Momo es una niña que sabe escuchar, lo que está muy bien,
coincidiremos todos. Así que desde el principio el carácter ejemplar de la
fábula queda claro. Y Momo tiene el aspecto de las pobrecitas niñas de cuento
de hadas, estilo Cenicienta, o de los menesterosos de Dickens. Sabe
escuchar, y eso hace que todo salga bien junto a ella, que los conflictos se
resuelvan y que los juegos resulten de lo más guay.

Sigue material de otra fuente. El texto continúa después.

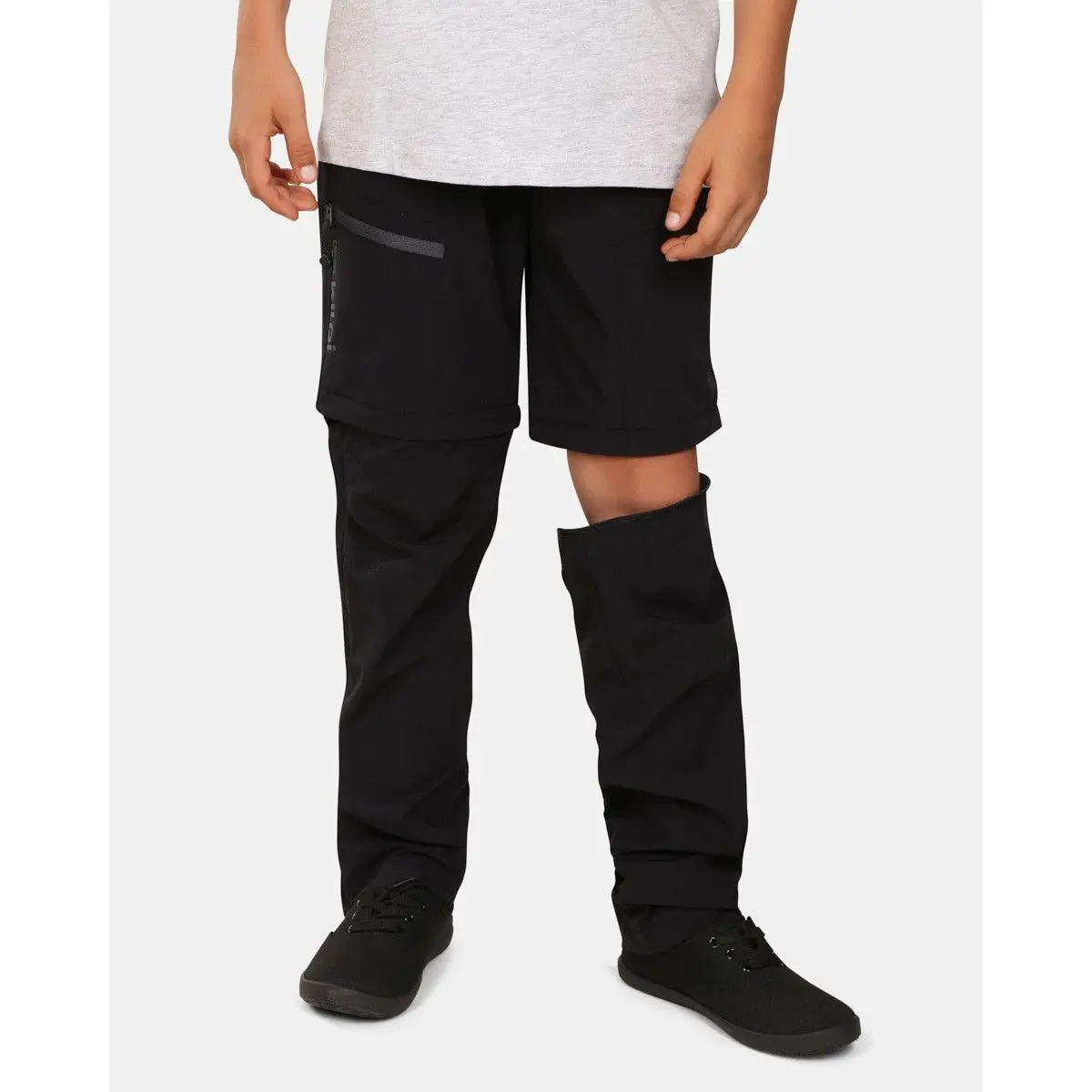 Children's Trousers Kilpi Hosio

Y llega el malo. La bruja, o la madrastra, es aquí un
personaje colectivo: los hombres grises, seres fantasmagóricos que sólo
existen si las personas les dejamos, y existen para robarnos el tiempo,
haciéndonos creer que lo aprovechamos: clara personificación de algunos de
nuestros vicios, en este caso vicios tan contemporáneos como la profesionalitis
o la vacacionitis. Donde están ellos, con su odioso aspecto de
capitalistas, no hay calor humano, ni del otro, pues de hecho exhalan un frío
atroz.
Cuando todo parece perdido, surgen las hadas: la tortuga
Casiopea y el maestro Hora, administrador del tiempo. Pero será Momo quien
tenga que administrar la salvación del género humano, cuyo buen suceso, como
siempre, estará asegurado sólo por la fidelidad a la misión recibida.